Desde el punto de vista del sistema, este tipo de intervenciones pueden contribuir a reducir ingresos recurrentes, visitas a urgencias y bajas laborales prolongadas asociadas al dolor crónico y a las complicaciones de la endometriosis. Si bien la tecnología robótica implica una inversión inicial considerable, el ahorro potencial a medio y largo plazo en términos de recursos y mejora de la productividad es un elemento a tener en cuenta.

Para las pacientes, el beneficio más visible es la reducción del dolor: menor necesidad de analgésicos fuertes, recuperación más rápida y reducción del impacto de la enfermedad en su rutina diaria. A esto se suma una mayor esperanza de recibir un tratamiento integral y planificado, y no solo parches temporales ante cada crisis.

En paralelo, la consolidación de programas de este tipo impulsa la formación de nuevos especialistas en cirugía robótica ginecológica dentro del sector público, lo cual puede favorecer la expansión progresiva de estas técnicas a otros hospitales y comunidades. Cuantos más equipos entrenados haya, mayor será la capacidad del sistema para atender casos complejos sin derivaciones interminables.

La experiencia acumulada hasta ahora indica que la cirugía robótica es una herramienta especialmente útil en casos de endometriosis avanzada, donde la precisión es clave y donde las técnicas convencionales se quedan cortas o implican un riesgo demasiado alto.
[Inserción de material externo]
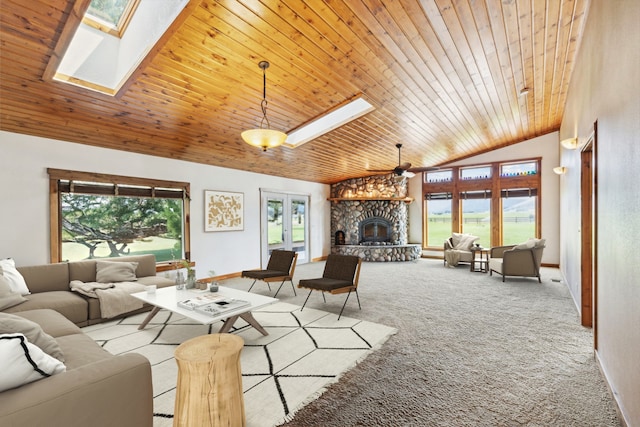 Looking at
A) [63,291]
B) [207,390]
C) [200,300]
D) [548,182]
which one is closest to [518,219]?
[548,182]

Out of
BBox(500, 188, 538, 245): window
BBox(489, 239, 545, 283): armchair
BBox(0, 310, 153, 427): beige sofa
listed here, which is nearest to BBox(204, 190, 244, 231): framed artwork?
BBox(0, 310, 153, 427): beige sofa

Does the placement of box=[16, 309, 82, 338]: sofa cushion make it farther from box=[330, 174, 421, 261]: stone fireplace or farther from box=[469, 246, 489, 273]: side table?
box=[469, 246, 489, 273]: side table

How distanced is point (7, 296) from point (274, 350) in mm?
2663

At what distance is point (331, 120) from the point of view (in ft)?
16.8

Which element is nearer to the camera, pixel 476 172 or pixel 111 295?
pixel 111 295

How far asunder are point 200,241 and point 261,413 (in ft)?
14.2

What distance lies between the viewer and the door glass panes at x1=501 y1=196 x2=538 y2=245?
782 centimetres

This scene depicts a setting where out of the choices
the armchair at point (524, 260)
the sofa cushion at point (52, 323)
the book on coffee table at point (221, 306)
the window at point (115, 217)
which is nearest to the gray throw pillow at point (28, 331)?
the sofa cushion at point (52, 323)

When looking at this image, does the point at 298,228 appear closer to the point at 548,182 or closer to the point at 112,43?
the point at 112,43

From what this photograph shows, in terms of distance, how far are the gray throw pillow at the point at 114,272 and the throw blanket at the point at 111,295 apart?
0.49ft

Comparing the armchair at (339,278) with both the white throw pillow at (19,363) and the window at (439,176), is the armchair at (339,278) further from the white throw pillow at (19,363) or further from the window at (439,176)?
the window at (439,176)

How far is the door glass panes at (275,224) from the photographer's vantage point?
7.29 m

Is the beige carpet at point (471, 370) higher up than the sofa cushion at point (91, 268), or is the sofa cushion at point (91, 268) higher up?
the sofa cushion at point (91, 268)

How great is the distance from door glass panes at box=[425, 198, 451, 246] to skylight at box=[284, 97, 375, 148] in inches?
210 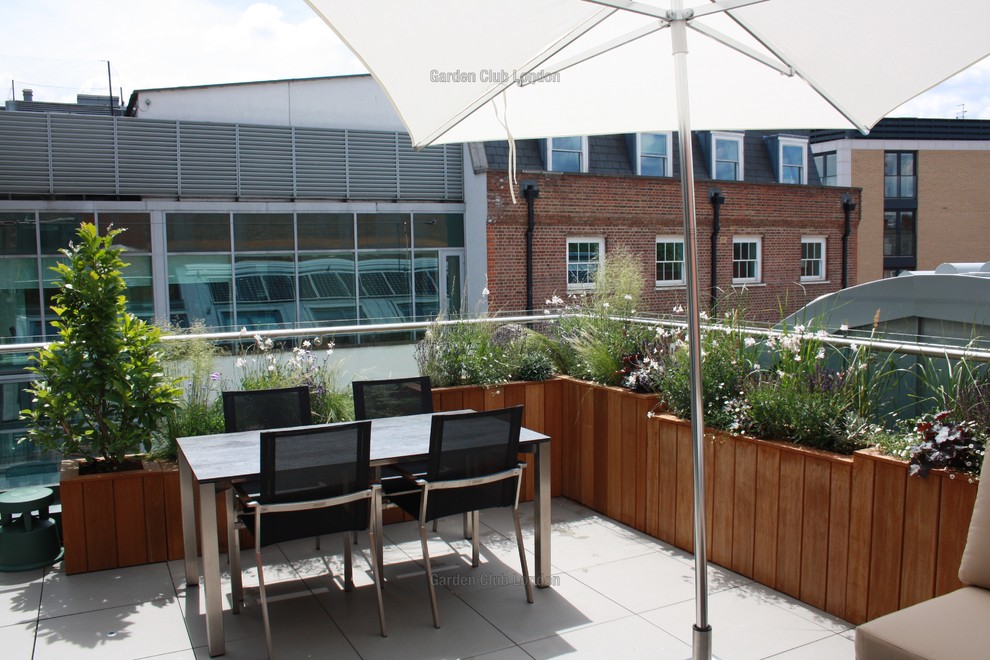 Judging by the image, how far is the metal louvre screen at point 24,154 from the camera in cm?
1266

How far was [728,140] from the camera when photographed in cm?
1848

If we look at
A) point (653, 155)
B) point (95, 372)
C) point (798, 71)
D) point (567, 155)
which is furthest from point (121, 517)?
point (653, 155)

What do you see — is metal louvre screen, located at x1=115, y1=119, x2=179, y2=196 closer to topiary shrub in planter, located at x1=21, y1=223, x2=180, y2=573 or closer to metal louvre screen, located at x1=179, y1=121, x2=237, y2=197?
metal louvre screen, located at x1=179, y1=121, x2=237, y2=197

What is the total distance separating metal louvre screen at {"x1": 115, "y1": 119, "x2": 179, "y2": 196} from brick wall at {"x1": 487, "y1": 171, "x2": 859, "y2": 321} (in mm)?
5433

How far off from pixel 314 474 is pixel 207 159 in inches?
457

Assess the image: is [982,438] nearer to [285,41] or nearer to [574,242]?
[574,242]

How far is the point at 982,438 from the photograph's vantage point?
10.6ft

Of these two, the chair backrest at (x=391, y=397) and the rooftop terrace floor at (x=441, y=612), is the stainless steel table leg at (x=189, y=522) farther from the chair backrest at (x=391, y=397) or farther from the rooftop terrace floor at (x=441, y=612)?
the chair backrest at (x=391, y=397)

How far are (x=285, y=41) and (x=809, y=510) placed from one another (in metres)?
13.9

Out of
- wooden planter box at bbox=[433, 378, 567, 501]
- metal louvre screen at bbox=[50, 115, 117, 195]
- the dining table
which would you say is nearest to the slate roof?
metal louvre screen at bbox=[50, 115, 117, 195]

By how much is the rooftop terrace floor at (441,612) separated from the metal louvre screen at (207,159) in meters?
10.2

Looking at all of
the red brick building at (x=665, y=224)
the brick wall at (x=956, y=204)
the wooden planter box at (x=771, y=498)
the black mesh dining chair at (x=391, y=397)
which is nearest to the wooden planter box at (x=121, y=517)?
the black mesh dining chair at (x=391, y=397)

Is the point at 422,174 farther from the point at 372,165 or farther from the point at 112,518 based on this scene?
the point at 112,518

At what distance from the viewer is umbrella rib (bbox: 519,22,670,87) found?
9.57ft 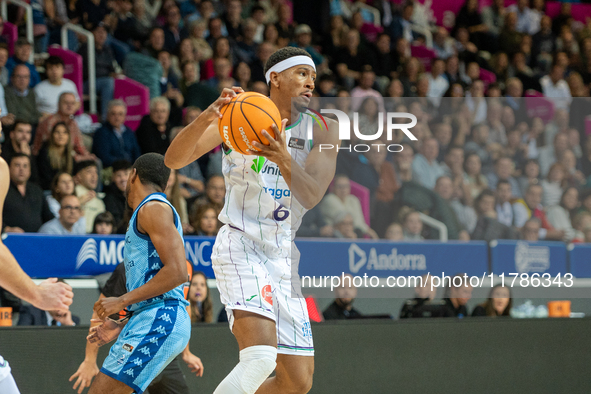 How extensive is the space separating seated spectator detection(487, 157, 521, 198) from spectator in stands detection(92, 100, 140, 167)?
3988 mm

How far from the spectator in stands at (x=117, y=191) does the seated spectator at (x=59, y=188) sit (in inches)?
17.3

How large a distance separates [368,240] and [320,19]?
8.39 meters

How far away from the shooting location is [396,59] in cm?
1288

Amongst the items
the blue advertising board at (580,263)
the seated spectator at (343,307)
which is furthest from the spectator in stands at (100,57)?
the blue advertising board at (580,263)

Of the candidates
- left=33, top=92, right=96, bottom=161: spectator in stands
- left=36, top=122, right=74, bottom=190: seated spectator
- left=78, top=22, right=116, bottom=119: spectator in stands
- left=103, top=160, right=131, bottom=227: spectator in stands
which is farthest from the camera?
left=78, top=22, right=116, bottom=119: spectator in stands

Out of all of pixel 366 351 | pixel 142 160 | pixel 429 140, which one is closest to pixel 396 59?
pixel 429 140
Su integración en la sanidad pública apunta a un cambio de modelo en el abordaje de esta enfermedad, con una visión más centrada en la paciente y en los resultados a largo plazo.

Este primer bloque de cirugías robóticas de endometriosis profunda en un hospital público muestra cómo la innovación tecnológica puede encajar en un modelo sanitario accesible, siempre que se acompañe de planificación, formación y voluntad de priorizar patologías que, aunque a menudo invisibles, tienen un impacto enorme en la vida de quienes las sufren.